The effect of all this upon the mood and temper of the age is unmistakable. To compensate for the loss of personal significance we have unwillingly submitted to the idea of quantity. Unless our accomplishments are materially great we feel that we have failed. While the philosophers are redefining “the quest for certainty,” the practical men are exhausting their energies in the struggle for the market; and the only recreation that seems adequate after such an intense struggle is usually as violent and exhausting as the struggle itself.
There is, certainly, no easy formula for the revitalization of a corroded faith. The cozy security and the confident stride of our ancestors cannot be recaptured by a simple act of will. We must accommodate to the new world we have discovered, and if the old values are no longer adequate to give significance to our lives, we must—and, across the centuries, we surely will—evolve a new credo.

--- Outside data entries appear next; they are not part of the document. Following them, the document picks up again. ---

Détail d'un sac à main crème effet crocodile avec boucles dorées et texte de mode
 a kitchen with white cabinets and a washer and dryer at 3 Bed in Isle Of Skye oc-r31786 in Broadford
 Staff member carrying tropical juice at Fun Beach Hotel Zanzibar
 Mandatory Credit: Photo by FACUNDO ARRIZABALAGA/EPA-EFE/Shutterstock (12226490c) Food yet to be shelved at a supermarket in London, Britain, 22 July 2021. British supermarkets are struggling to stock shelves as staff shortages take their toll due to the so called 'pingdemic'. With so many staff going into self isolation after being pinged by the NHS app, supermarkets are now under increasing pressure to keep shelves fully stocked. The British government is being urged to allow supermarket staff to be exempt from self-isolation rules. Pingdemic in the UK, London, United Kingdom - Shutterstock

But meanwhile we must live in the world we have created, a world of acceleration, conflicts, and mass production. In this world, somehow, we must cushion, in whatever degree possible, the maddening vigor of the quantitative fallacy. Not by turning the clock back to the days of the individual artisan, nor by following the misty-eyed Utopians back to the soil. While we respond to the exacting demands of the environment, we must attempt to rediscover, during what leisure time we can wrest from the struggle, the value and the quality in little things.